Exercise description ▸
Print, from the listing below, the lines starting at the line containing "Middle-aged man hiking" and ending at the line containing "The Yellow Mykonos", exactly as they stand, and print nothing else.

Material supplied ▸

↓↓↓

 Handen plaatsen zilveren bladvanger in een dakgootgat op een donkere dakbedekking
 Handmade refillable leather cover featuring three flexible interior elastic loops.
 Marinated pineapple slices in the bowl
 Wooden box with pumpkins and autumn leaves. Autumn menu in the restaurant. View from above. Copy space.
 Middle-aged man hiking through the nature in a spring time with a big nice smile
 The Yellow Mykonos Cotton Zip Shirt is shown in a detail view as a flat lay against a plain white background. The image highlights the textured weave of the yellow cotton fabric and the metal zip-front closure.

↑↑↑
↓↓↓

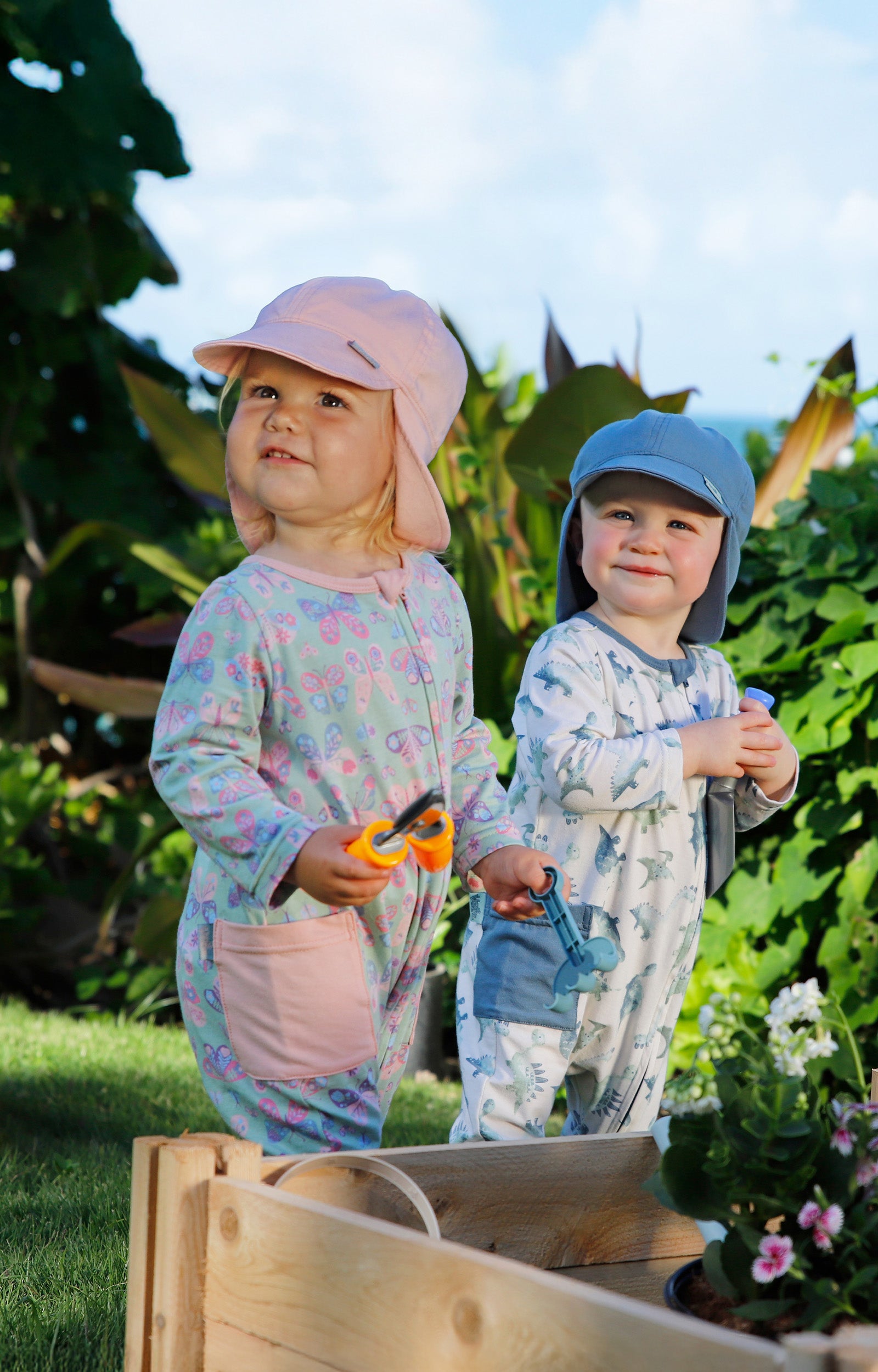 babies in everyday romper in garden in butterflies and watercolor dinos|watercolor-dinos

↑↑↑
↓↓↓

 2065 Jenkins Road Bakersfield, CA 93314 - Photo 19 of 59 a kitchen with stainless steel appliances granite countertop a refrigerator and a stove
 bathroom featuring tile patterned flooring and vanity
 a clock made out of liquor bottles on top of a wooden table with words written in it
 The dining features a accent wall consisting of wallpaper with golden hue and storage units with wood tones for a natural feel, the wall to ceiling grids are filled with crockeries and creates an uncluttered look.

↑↑↑

Exercise output ▸
 Middle-aged man hiking through the nature in a spring time with a big nice smile
 The Yellow Mykonos Cotton Zip Shirt is shown in a detail view as a flat lay against a plain white background. The image highlights the textured weave of the yellow cotton fabric and the metal zip-front closure.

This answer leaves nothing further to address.